La eterna polémica entre autodeterminación y unidad nacional deja de tener importancia para quienes tienen un proyectil de nueve milímetros alojado en la nuca. La naturaleza humana es frágil, y para que una discusión prospere, se desarrolle y pueda llegar a algún sitio, es necesario preservar la integridad física, la propia y la de los interlocutores. En cambio, reclamar la razón y lanzar consignas de victoria frente al cadáver tieso de un adversario es una forma de precipitarse a la nada y contagiarse con la suma indiferencia del derrotado.

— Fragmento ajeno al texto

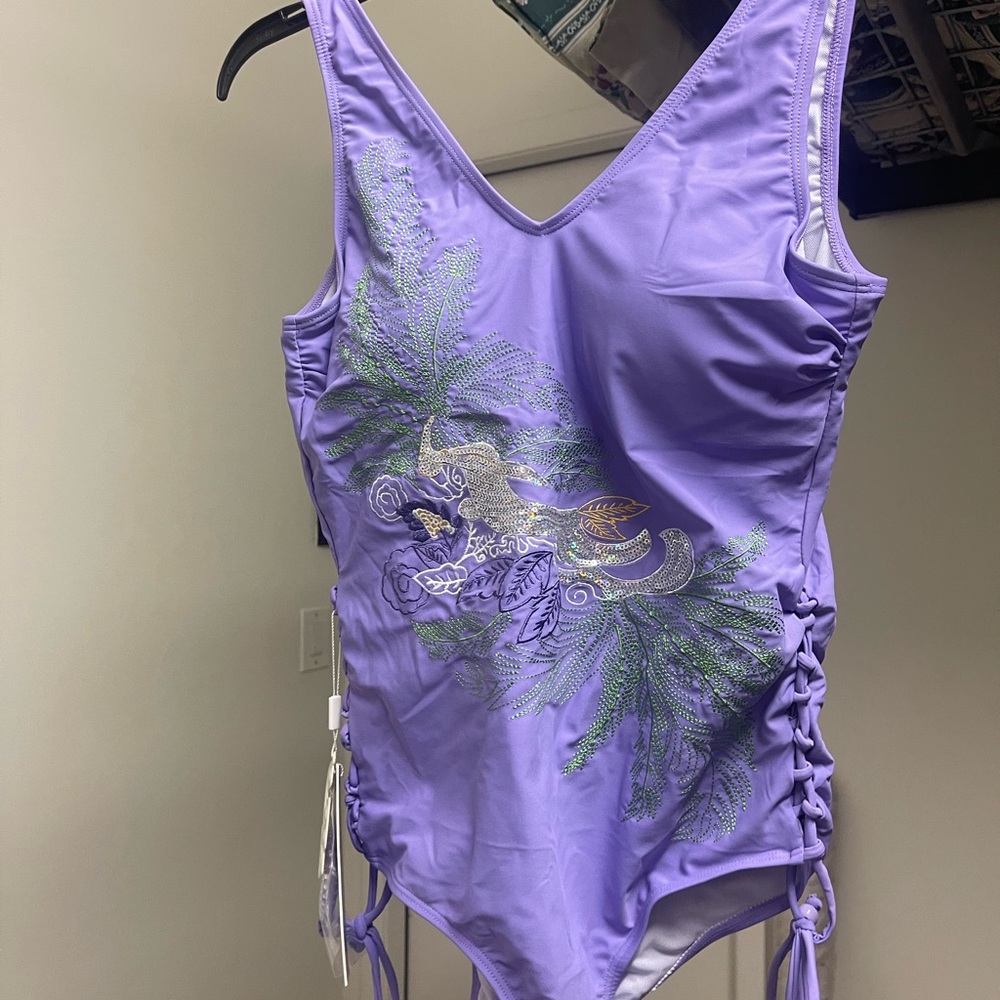 Purple One-Piece Swimsuit with Floral Design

Intuyo que, en alguna semana de este otoño, algo ha hecho que esas ideas empiecen a abrirse paso entre la maraña de inercias del conflicto vasco. Pareciera como si en Vitoria, en San Sebastián, en Bilbao y en los pueblos de cabras y bodegas que titilan en el mapa de Euskadi, estuviera horneándose un nuevo pan de perdón y sosiego. Hasta en Madrid, vociferante siempre, se perciben signos de clemencia, aunque sea de trasmano y con gesto de hastío burocrático.

No sé qué mecanismo ha empezado a funcionar primero y con más fuerza para mover estas esperanzas tenues: si la Declaración de Estella o la tregua de ETA o el hartazgo generalizado ante las muertes sin propósito (como todos los ajusticiamientos). No sé si en el inicio los políticos leyeron en la mirada de los policías el cansancio de la brutalidad, o si los asesinos han percibido, por fin, la desesperanza de la gente atrapada en medio de un conflicto a fin de cuentas frívolo (como todo conflicto en el que hay muertos inocentes), o si las elecciones apacibles del domingo, o si qué.

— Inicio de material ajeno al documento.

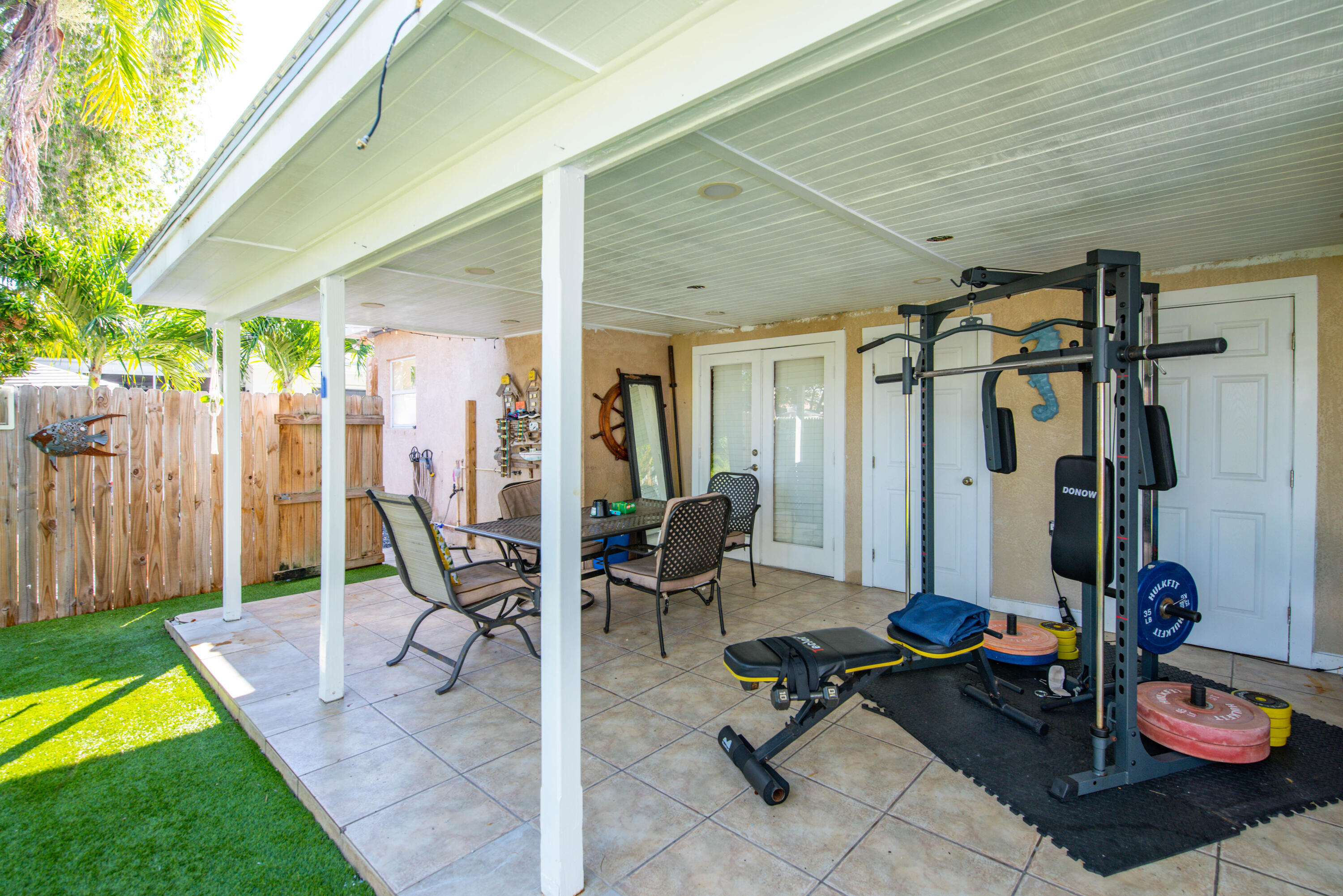 3341 Riviera Drive Key West, FL 33040 - Photo 23 of 33 a view of a patio with table and chairs and potted plants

Hay un momento, inverso a éste, en el cual los estadistas confunden sus impulsos a la agresión con la justicia y en el que los patriotas clandestinos ya no se preocupan tanto por esconderse del ejército y la policía sino por escapar del acoso de su propio sentido común. Así sucedió en España y en el País Vasco español, como en tantas otras partes, y nadie sabe con certeza cuándo.

Ahora ya ocurrieron el dolor, las muertes y las vidas rotas, los exilios, los ajusticiamientos de ambos bandos, y el inicio preciso de las barbaries ha dejado de tener importancia. Ahora es necesario poner atención a ese aroma vago de paz que empezó a manar de los cónclaves políticos, de los comunicados de las catacumbas, de los memoranda oficiales o de la simple tierra de Euskadi.

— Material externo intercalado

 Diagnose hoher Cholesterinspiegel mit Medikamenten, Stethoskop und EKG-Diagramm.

No debiera ser relevante: la guerra es un mecanismo estúpido y perfecto, capaz de perpetuarse a sí mismo por la mera imposibilidad de definir a quién corresponde el mérito de la paz. Por eso prefiero pensar que el momento está llegando solo, sin que nadie lo invocara, atento nada más a la sangre vasca, brusca y tierna, que ya no quiere verse forzada a abandonar las venas y las arterias de nadie.